Bauckham, Richard. “Chapter 5, The Twelve.” Jesus and the Eyewitnesses: The Gospels as Eyewitness Testimony.” Grand Rapids: Wm. B. Eerdmans, 2006, pp. 93-113.
Bauckham reiterates his view that the named people in Scripture are important, and specifically that the named eyewitnesses were particularly important as they remained credible authorities throughout their lives (Bauckham 2006, 93). This normative attitude may have been eroded, especially by the developments of higher criticism. Though Bauckham considers the dogmatic assertion that the Twelve and no others were an authoritative ruling council to be excessive, he also sees a significant role given to this body appointed by Jesus (Bauckham 2006, 94).
It is significant to Bauckham that the Twelve are listed in all three Synoptic Gospels, as well as in Acts (Bauckham 2006, 96). Despite their being listed, “no less than seven of these persons are never mentioned again or appear as individuals in the Gospels of Mark and Luke, while the same is true of six of them in Matthew” (Bauckham 2006, 96). Bauckham continues, “it could well be that the Twelve are listed as the official body of eyewitnesses who formulated and authorized the core collection of traditions in all three Synoptic Gospels. They are named, not as the authorities for this or that specific tradition, but as responsible for the overall shape of the story of Jesus and much of its content” (Bauckham 2006, 97).
There is some debate about inconsistencies in the lists. Bauckham observes that all are grouped in three sets of four, except that Acts omits Judas. All begin with Simon Peter, then have groups led by Philip and James son of Alphaeus. The order of persons within each group differs (Bauckham 2006, 97-98). The third group does present a problem in that Matthew and Mark list Thaddaeus, while Luke and Acts give us Judas, son of James (Bauckham 2006, 99). Bauckham suggests two solutions to the problem. First, Thaddaeus may have left the disciples and been replaced by James. Otherwise, Thaddaeus may have also bee ncalled James. The former is unlikely, but the latter is certainly plausible, as so many people had numerous names to use (Bauckham 2006, 99). Bauckham observes that additional epithets were frequently attached to the various apostles (Bauckham 2006, 101).

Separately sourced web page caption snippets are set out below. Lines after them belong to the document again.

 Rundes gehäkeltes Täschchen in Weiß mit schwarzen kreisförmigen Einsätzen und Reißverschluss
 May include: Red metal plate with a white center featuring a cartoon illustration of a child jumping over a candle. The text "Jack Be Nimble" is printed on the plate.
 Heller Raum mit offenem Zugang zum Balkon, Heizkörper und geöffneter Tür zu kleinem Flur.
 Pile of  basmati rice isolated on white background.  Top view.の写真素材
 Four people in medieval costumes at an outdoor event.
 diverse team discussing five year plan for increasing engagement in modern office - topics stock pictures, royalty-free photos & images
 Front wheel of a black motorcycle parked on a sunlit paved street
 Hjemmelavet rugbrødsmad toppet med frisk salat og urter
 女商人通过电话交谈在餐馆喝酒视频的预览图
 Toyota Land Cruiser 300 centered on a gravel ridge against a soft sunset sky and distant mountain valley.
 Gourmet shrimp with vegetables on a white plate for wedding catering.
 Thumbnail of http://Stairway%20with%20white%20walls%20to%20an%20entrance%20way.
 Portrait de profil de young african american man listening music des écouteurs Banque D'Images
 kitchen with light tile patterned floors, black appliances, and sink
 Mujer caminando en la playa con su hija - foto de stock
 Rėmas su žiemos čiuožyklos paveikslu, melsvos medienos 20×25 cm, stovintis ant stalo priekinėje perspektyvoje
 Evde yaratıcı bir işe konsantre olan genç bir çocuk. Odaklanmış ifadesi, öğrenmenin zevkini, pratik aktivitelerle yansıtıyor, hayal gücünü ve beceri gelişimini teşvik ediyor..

Bauckham further notes that the epithets used of the Twelve in the New Testament “seem designed . . . to distinguish members of the Twelve from each other and so must have originated within the circle of the Twelve themselves” (Bauckham 2006, 102). Since there were wo Simons, two Jameses, and two Judases, this would have been very natural. Bauckham walks us through the different types of epithets generally used of the apostles. His conclusion is that rather than showing a careless attitude, the lists make it absolutely certain to the original readers precisely which individuals are being identified (Bauckham 2006, 108). Bauckham closes the chapter with observations about “Levi son of Alphaeus” and “Matthew” (Bauckham 2006, 108ff). He considers it very unlikely that these names refer to the same person. It is very rare for an Israelite to have two common Hebrew names (Bauckham 2006, 109). Rather, one name would be Hebrew and the other Greek, or some such variant on the theme.